A film no longer has a beginning and an end: like television, it's a series of artificial highs and lows that paw at our leg for attention and keep the sagging viewer awake. It's careful, too, to leave things open so the next instalment can roll on.
And, like television, we go back to see these sequels because we know and care for the characters.
But this dampens our expectations . . . the mystery has evaporated.
There's no getting to know for the first time, over 90 minutes or so, the differing shades of character.
And deep down we are comforted by the knowledge that our heroes will be OK because they got through the first two films. (And there's always a fourth instalment to come. ) But the best cinema is not comforting. The best contains that element of surprise . . . the knot in your stomach that keeps you on the edge of your seat in the dark because you care so deeply about the characters you are seeing, you worry if they live or die. That feeling is largely gone from threequels and so they take on the easygoing familiarity of television. And if there's no novelty any more, no genuine surprises, then the films stop speaking to our imagination.
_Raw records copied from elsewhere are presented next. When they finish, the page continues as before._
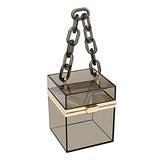 Women Acrylic Transparent Gold star Evening Bags Purses Clutch Vintage Banquet Handbag (Pink) Medium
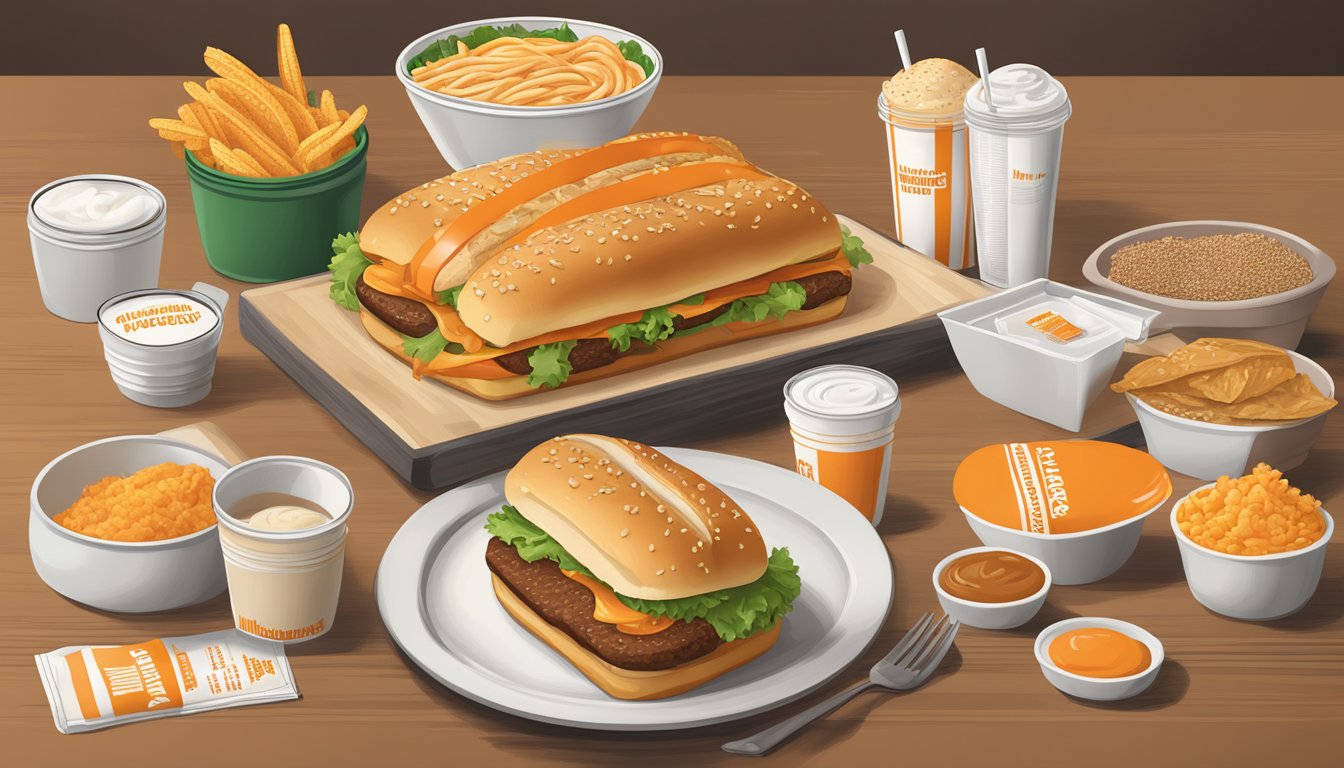 A table with a Whataburger meal, nutrition facts, and various customizable ingredients spread out on it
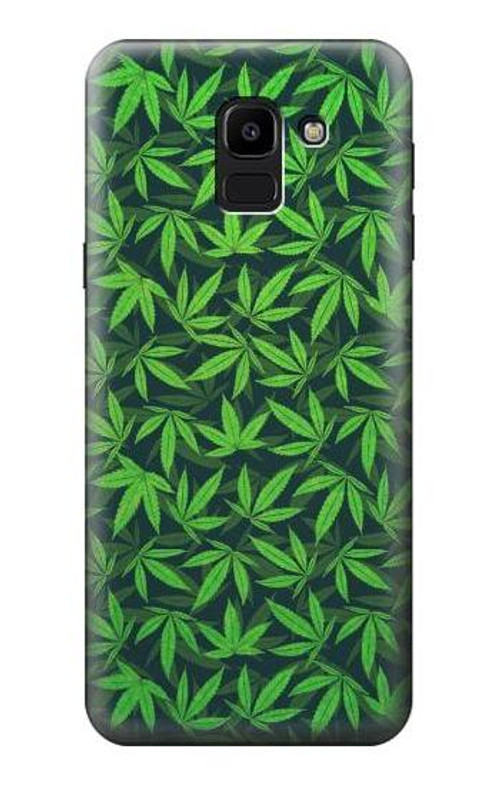 W2666 Marijuana Pattern Case Cover Custodia e Flip Case per Samsung Galaxy J6 (2018)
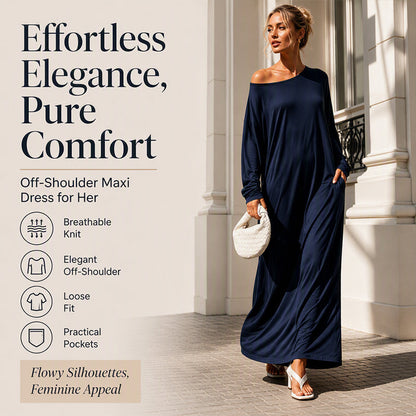 ✨ Effortless Elegance | Women’s Off-Shoulder Long-Sleeve Maxi Dress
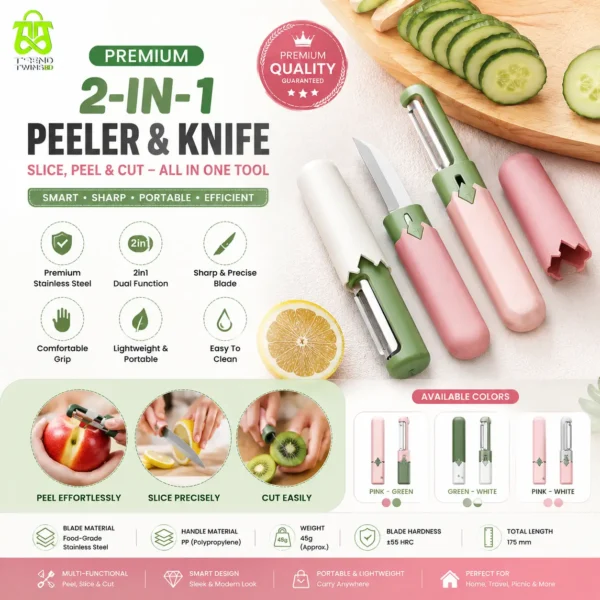 Portable Two-in-one multi-function knife for trend twins bd 2-in-1 Knife and Peeler from trend twins bd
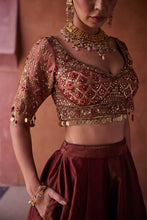 Load image into Gallery viewer, Maroon and beige shimmer tissue silk blouse, lehenga and dupatta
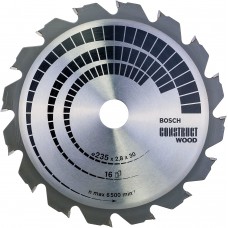  BOSCH ConstructWood zāģa disks 235x2,8 mm T16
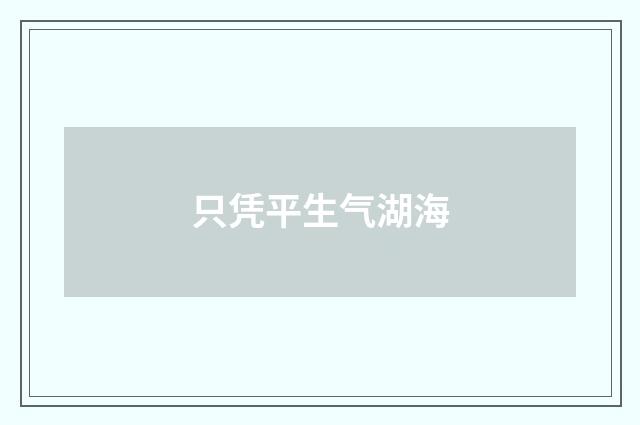 只凭平生气湖海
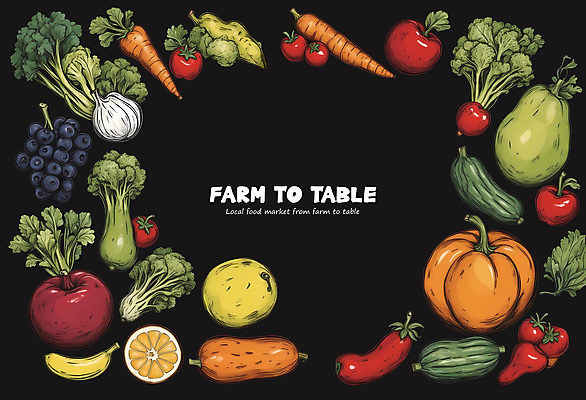PSD 채소 과일 일러스트 식재료 호박 포도 프레임 사람없음 사각형 당근 비트 국내일러스트 도형 뿌리채소 파일형식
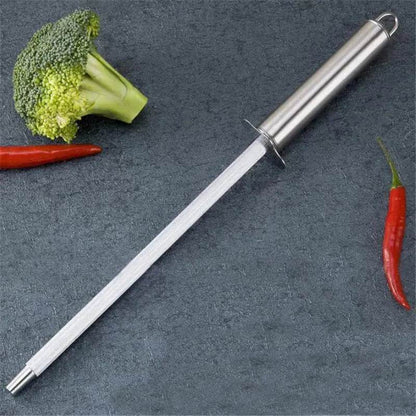 Stainless steel honing rod Household kitchen knife sharpener stick - www.Shopthatapp.com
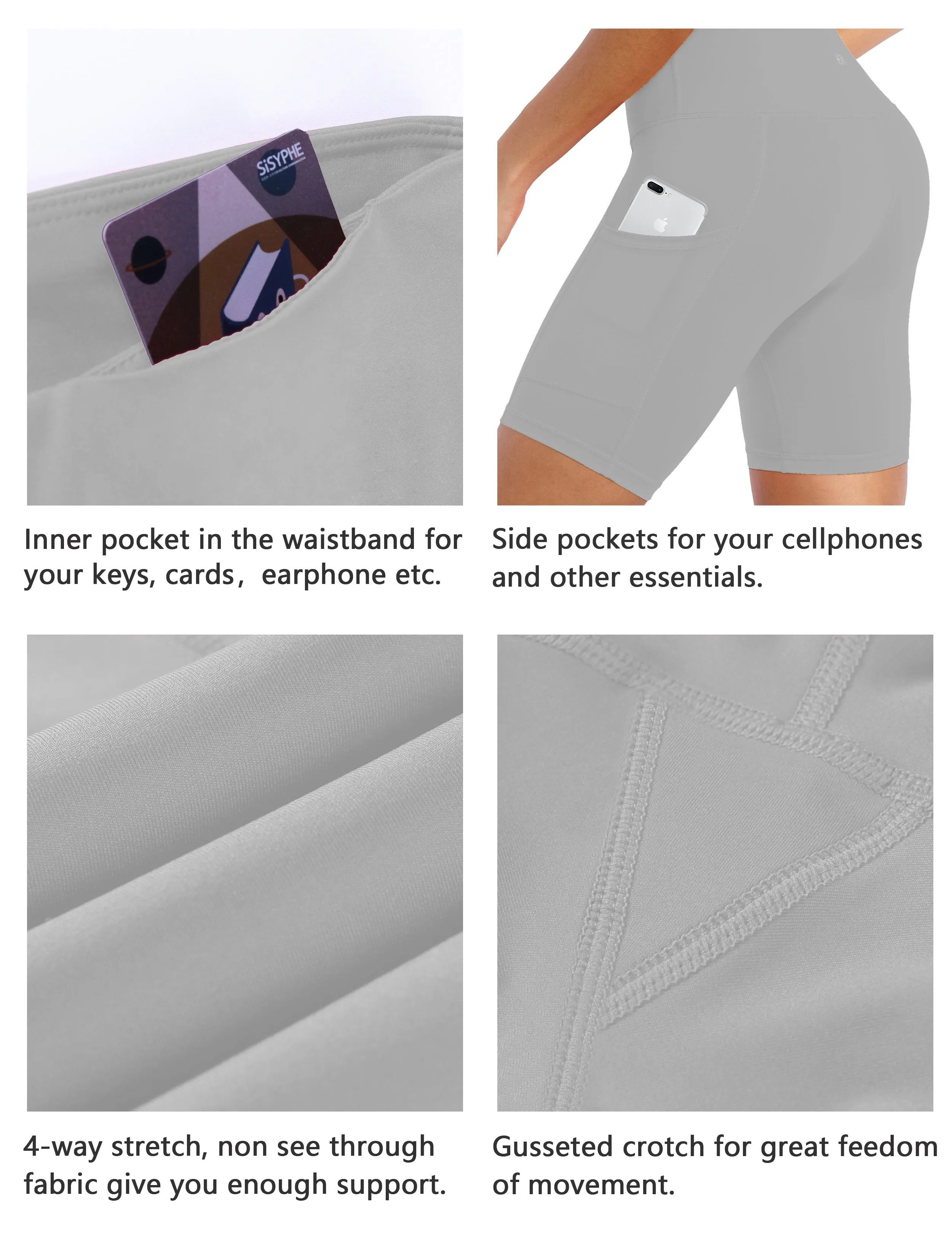 8" Side Pockets Pilates Shorts lightgray ins_Pilates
And that is a very bad thing.
Still, people defend this. Fondness for the first film usually carries sympathy through to the third . . . a sentimentality that says: these films are FUN, what's wrong with you? But fun is always about not knowing what happens next. And if this is all people expect from their cinema, you can expect it only to get worse.
Sequential blockbusters are now clogging up the screens in a way that was unthinkable even 10 years ago. It's not so much like sewage polluting the water supply as sewage becoming the water supply.
And so to Shrek the Third, the latest of these cynical, money-gobbling threequels. The green ogre (voiced by Mike Myers) has got a lot on his knobbly hands: he's now married to Princess Fiona (Cameron Diaz) and this has made him content. But King Jarold (John Cleese) is dying and Shrek has to caretake the kingdom of Far Far and Away and is making a hames of it; his wife is pregnant and this sends him into tizzy of pre-parental anxiety; the talking Donkey (Eddie Murphy) and the sabre-rattling cat, Puss 'n' Boots (Antonio Banderas) trail after him making life a misery. And then he has to shoulder all that expectation for this third film. No wonder Shrek wants to go back to the peace and quiet of his swamp.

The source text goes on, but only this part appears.